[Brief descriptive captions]
__________________________________________________

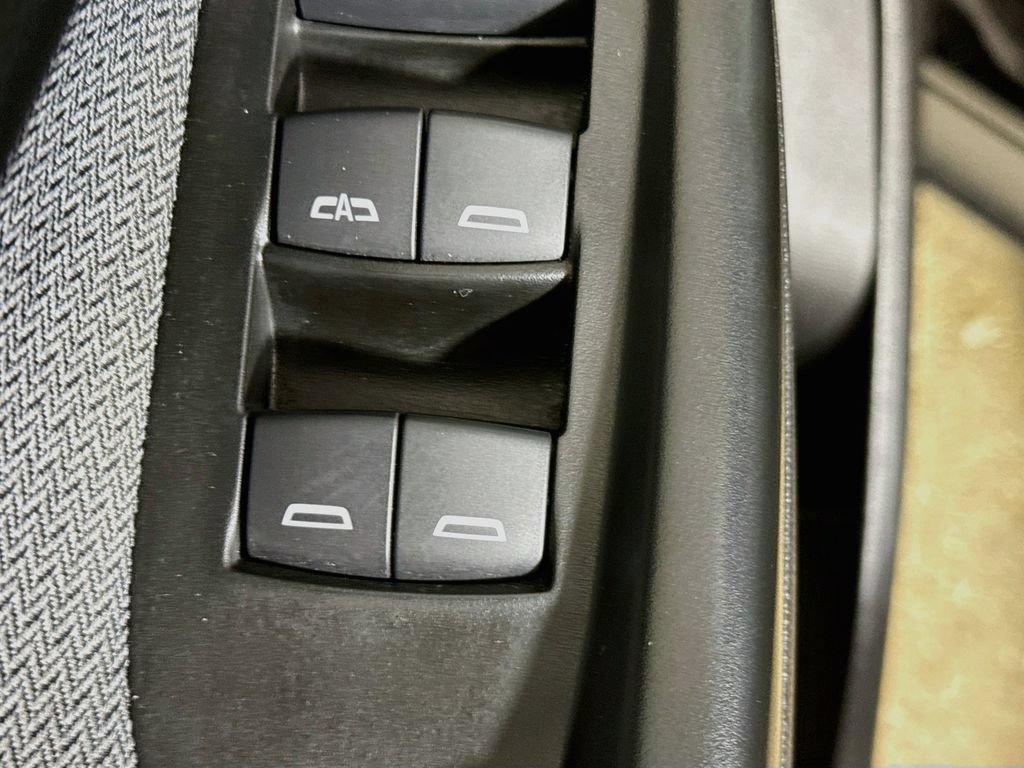 Used 2023 Chevrolet TrailBlazer LS w/ LPO, Blackout Package FWD image 17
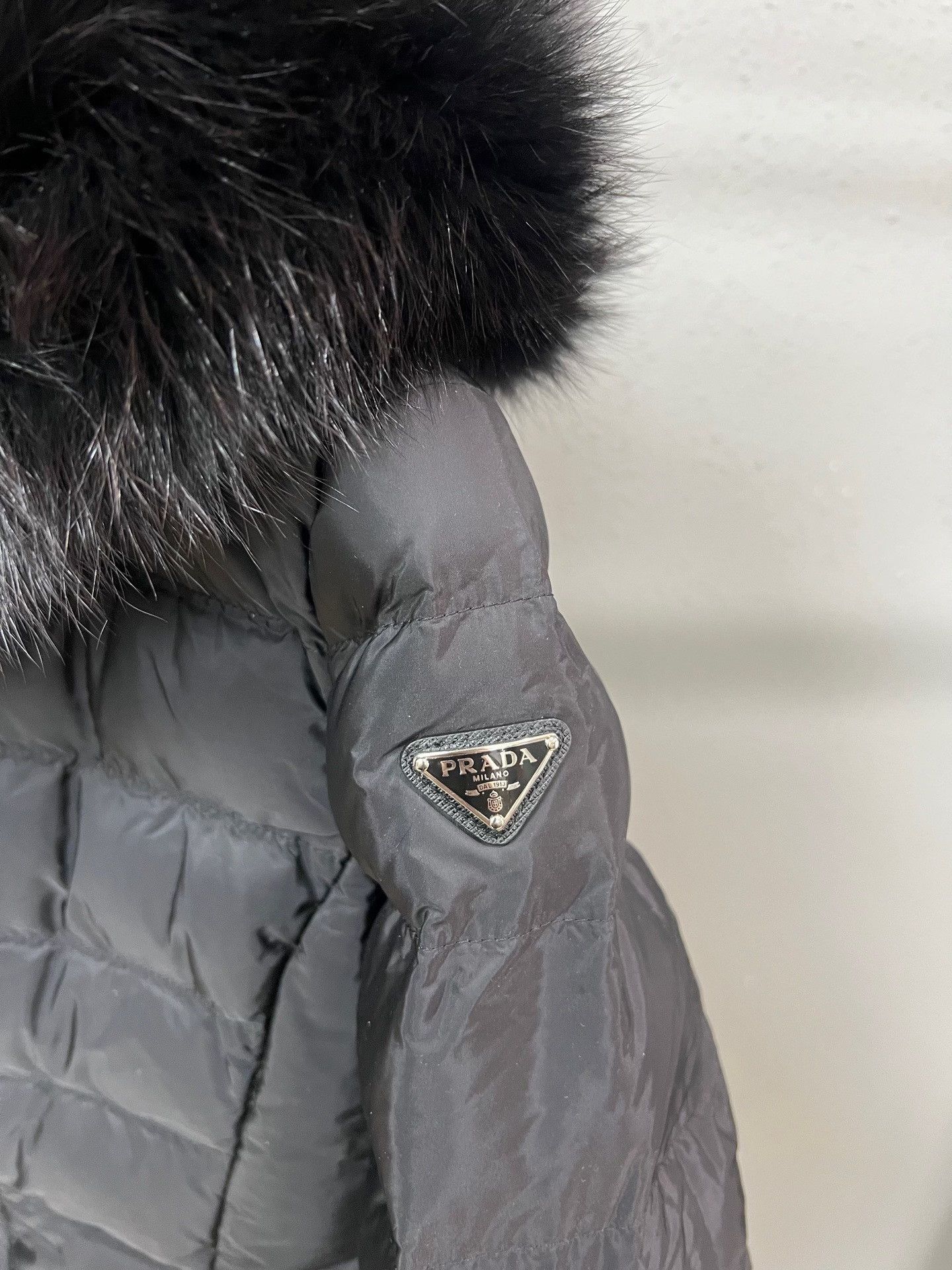 Prada Prada Black Triangle Logo Fox Fur Down Jacket Size S / US 4 / IT 40 - 3 Thumbnail
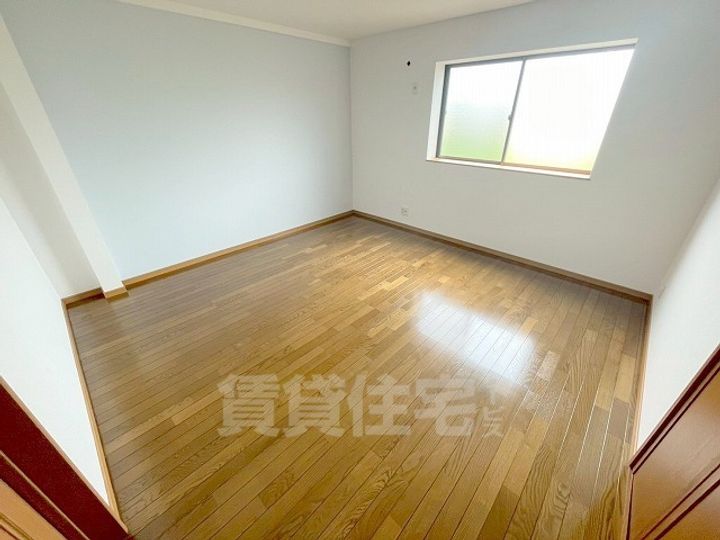 大阪府八尾市東山本町6丁目の賃貸アパートの寝室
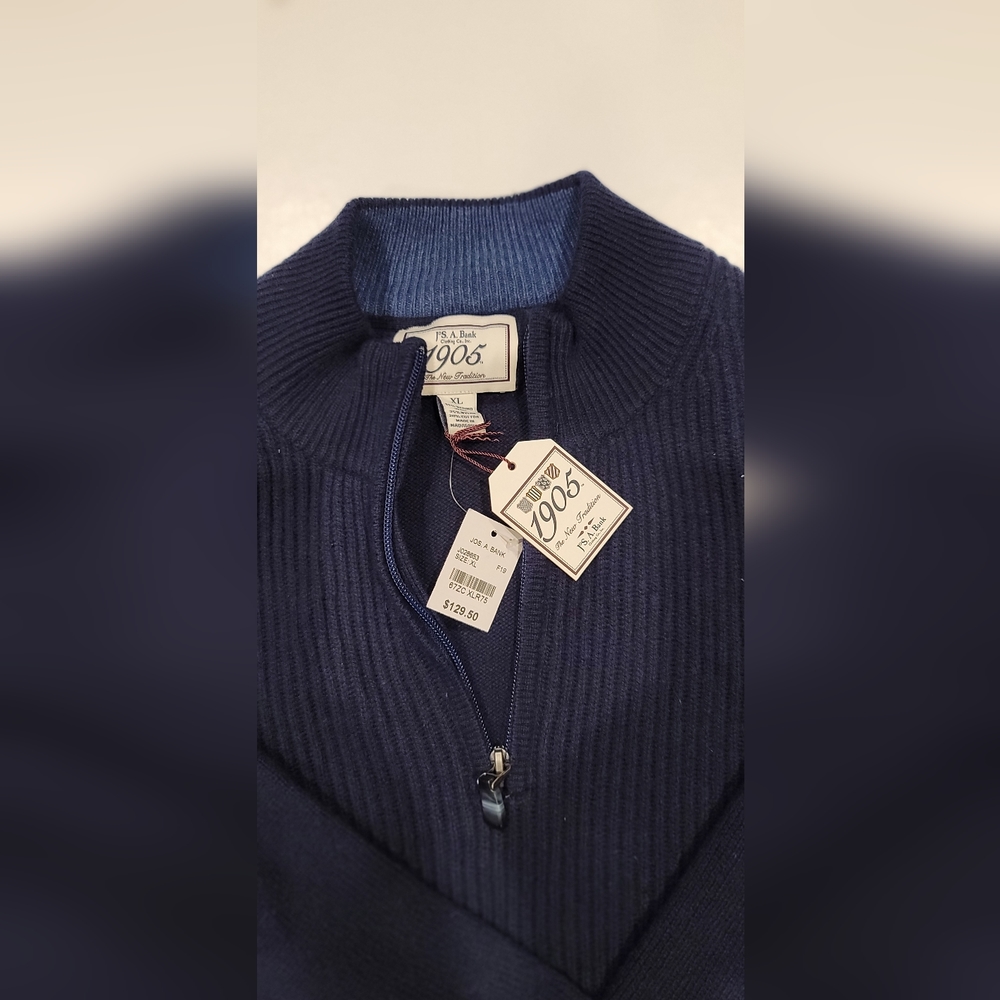 Jos A Bank 1/4 zip Navy Sweater Size XL Brand New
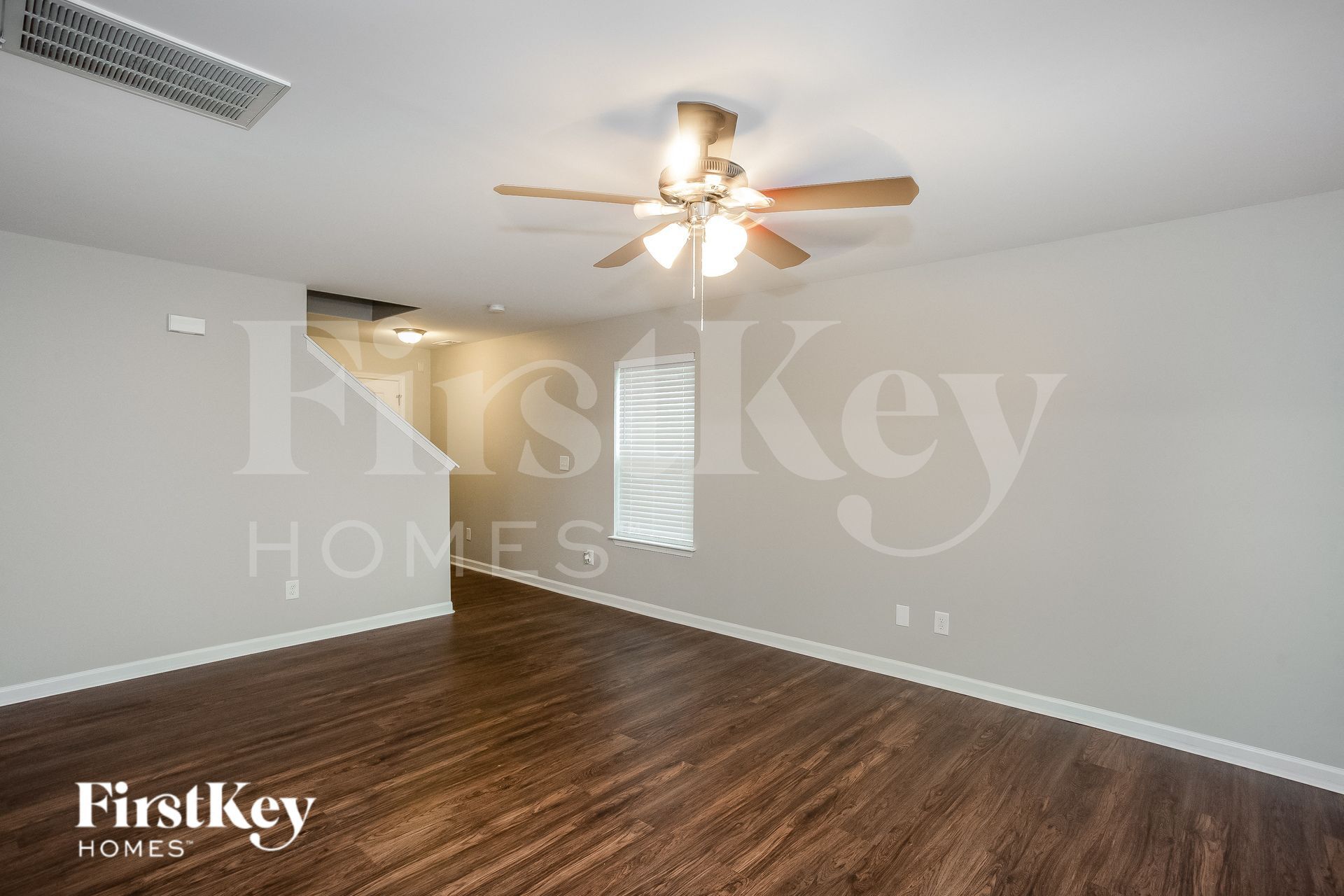 Building Photo - 4944 Rockwood Rd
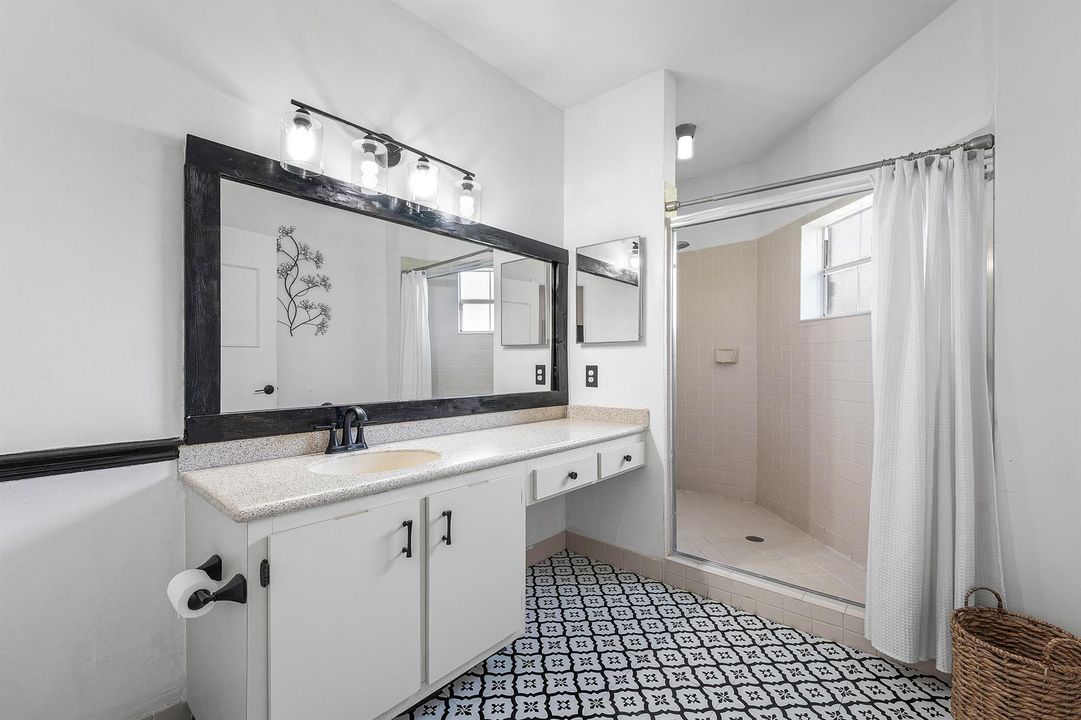 023-6735ViaRegina-BocaRaton-FL-33433-FUL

__________________________________________________

PROBLEM TO WORK ON ::
All preceding records should be duplicated verbatim, images excepted.

WRITTEN REPLY ::
 Used 2023 Chevrolet TrailBlazer LS w/ LPO, Blackout Package FWD image 17
 Prada Prada Black Triangle Logo Fox Fur Down Jacket Size S / US 4 / IT 40 - 3 Thumbnail
 大阪府八尾市東山本町6丁目の賃貸アパートの寝室
 Jos A Bank 1/4 zip Navy Sweater Size XL Brand New
 Building Photo - 4944 Rockwood Rd
 023-6735ViaRegina-BocaRaton-FL-33433-FUL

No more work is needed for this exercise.